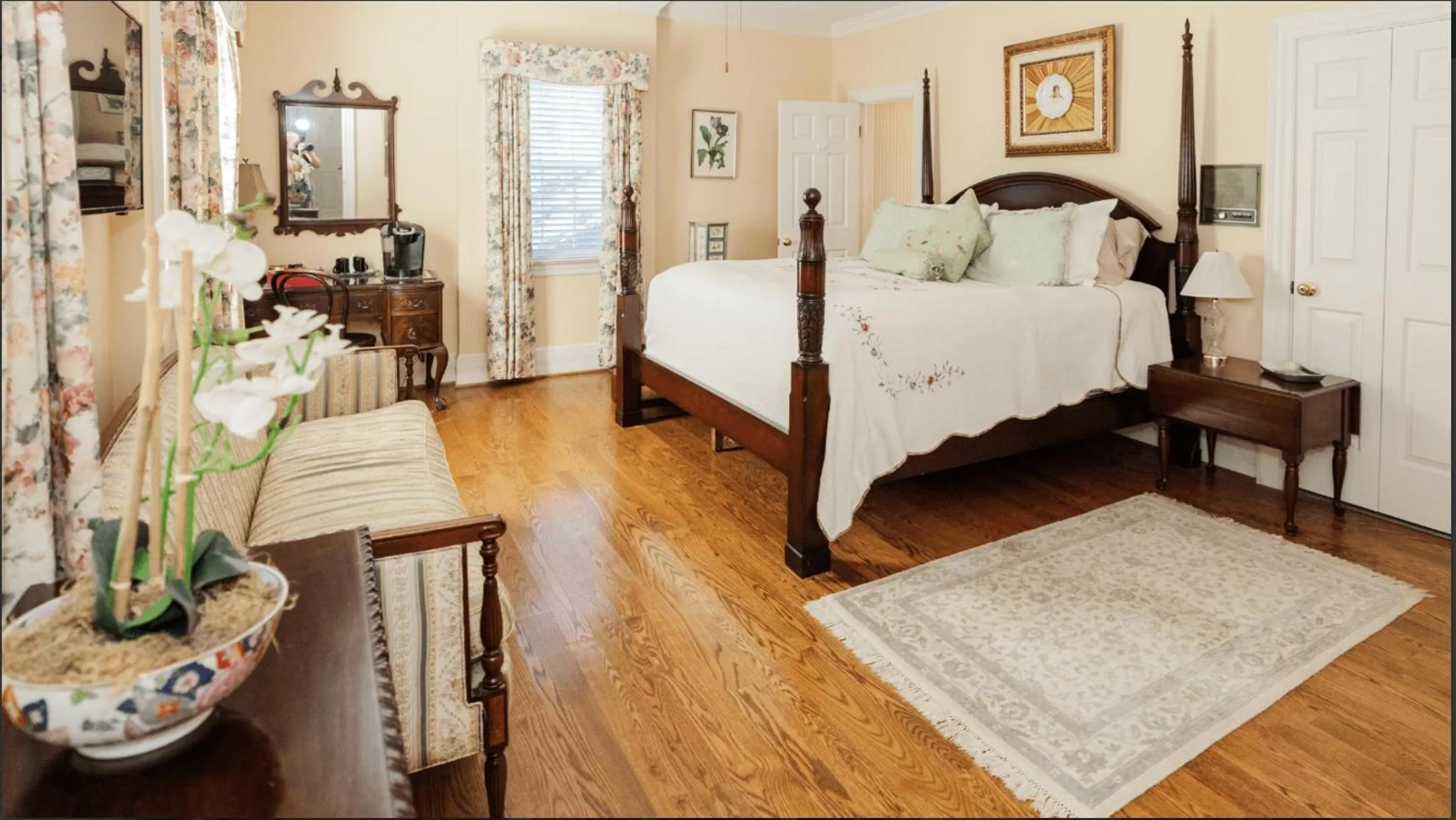 Bedroom, Bed in Virginia Cliffe Inn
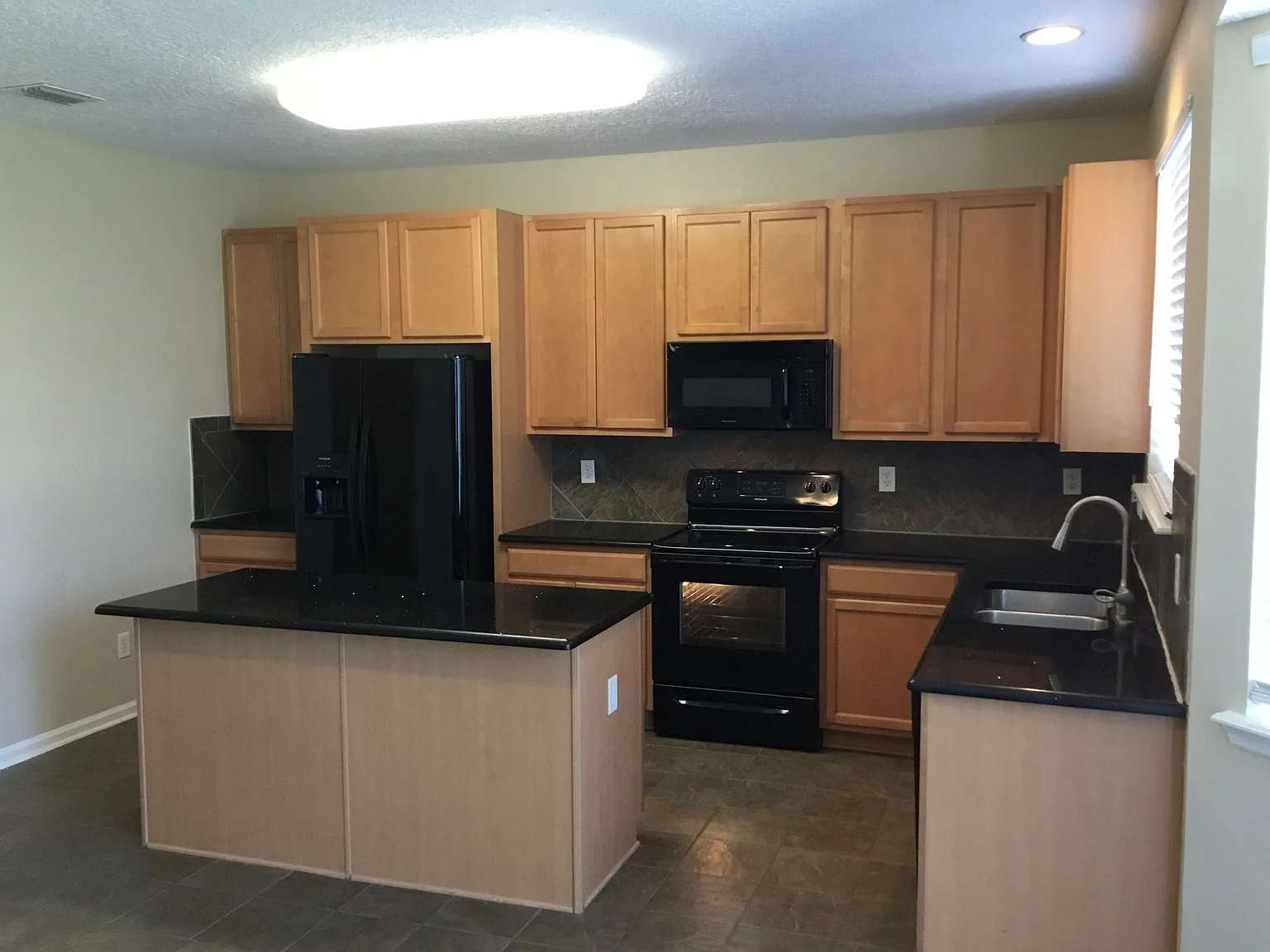 4 bed, 2.5 bath, 2801 sqft, $2,850 — Photo 2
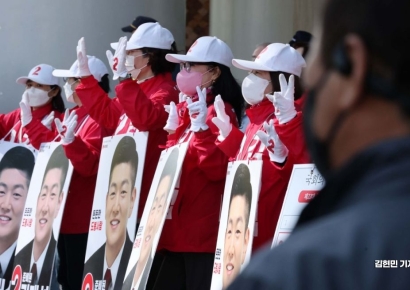 [포토] 총선 D-1, 선거운동 지켜보는 유권자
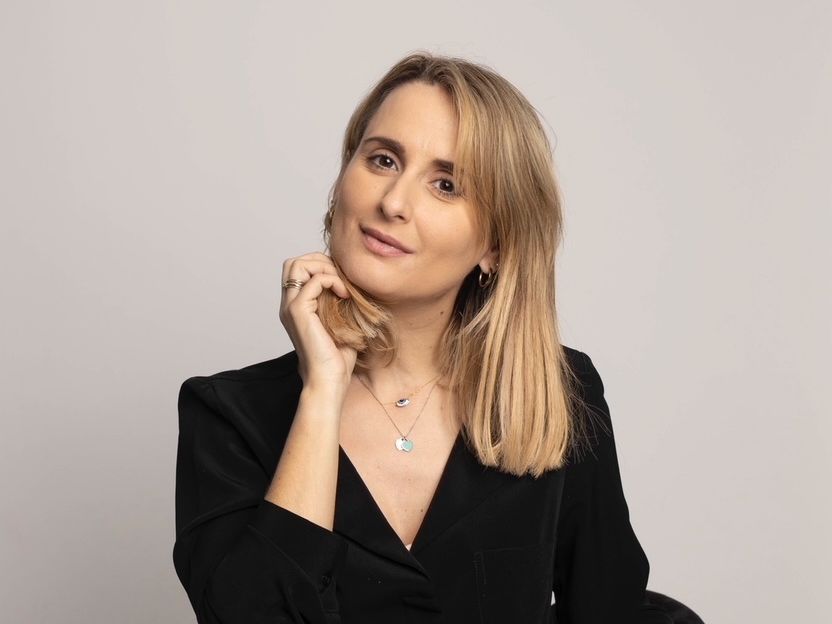 Η Kωνσταντίνα Μιχοπάνου λέει ότι το μακιγιάζ ενισχύει αυτό που ήδη αισθάνεσαι, δεν είναι μία «μάσκα»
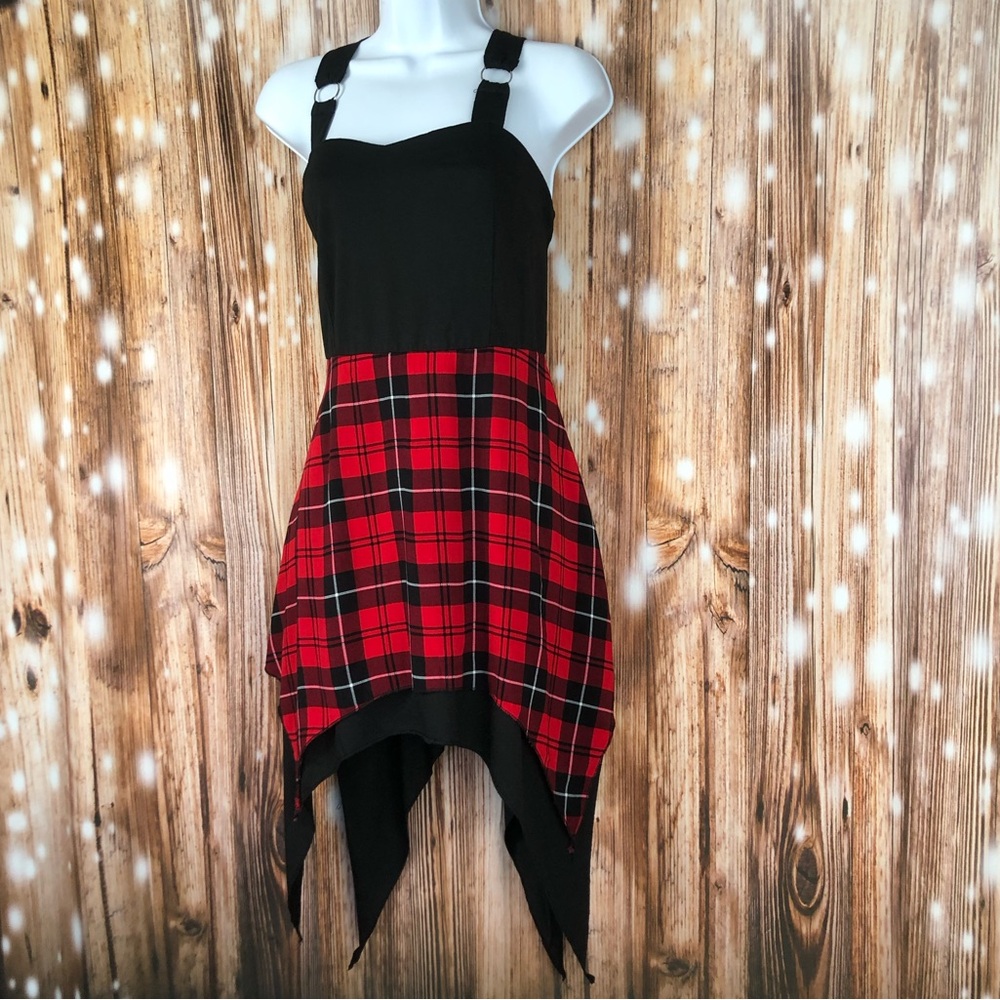 Black and Red Plaid Punk Gothic Sleeveless Tank Dress - Picture 2 of 10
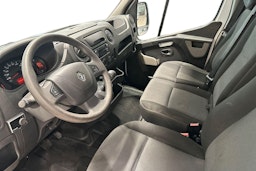 valkoinen Renault Master 2018 kuva 7.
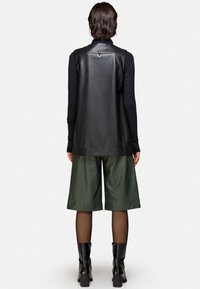 HELMIDGE Veste - schwarz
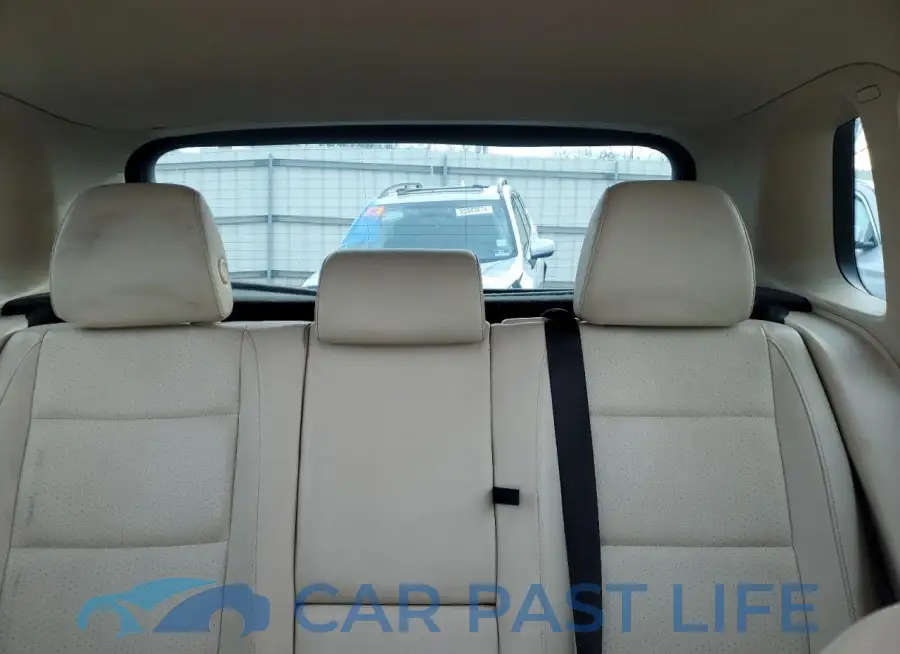 WVGAV7AX6FW504211# 10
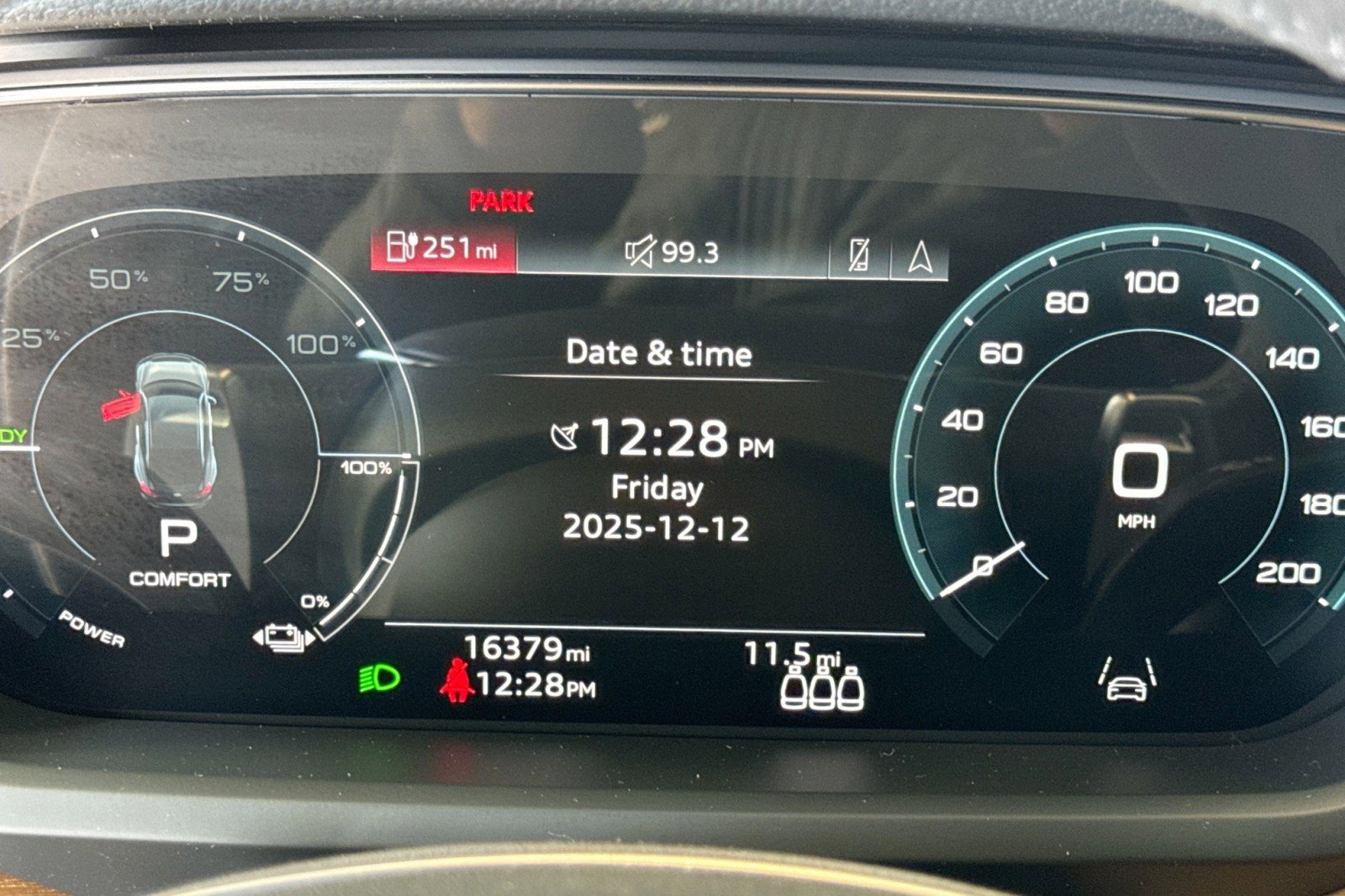 Used 2023 Audi e-tron GT Prestige w/ Prestige Package image 11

━━━━━━━━━━━━━━━━━━━━━━━━━━━━━━

Transcribe all records verbatim and omit each image.

◆ Reply to the exercise:
 Bedroom, Bed in Virginia Cliffe Inn
 4 bed, 2.5 bath, 2801 sqft, $2,850 — Photo 2
 [포토] 총선 D-1, 선거운동 지켜보는 유권자
 Η Kωνσταντίνα Μιχοπάνου λέει ότι το μακιγιάζ ενισχύει αυτό που ήδη αισθάνεσαι, δεν είναι μία «μάσκα»
 Black and Red Plaid Punk Gothic Sleeveless Tank Dress - Picture 2 of 10
 valkoinen Renault Master 2018 kuva 7.
 HELMIDGE Veste - schwarz
 WVGAV7AX6FW504211# 10
 Used 2023 Audi e-tron GT Prestige w/ Prestige Package image 11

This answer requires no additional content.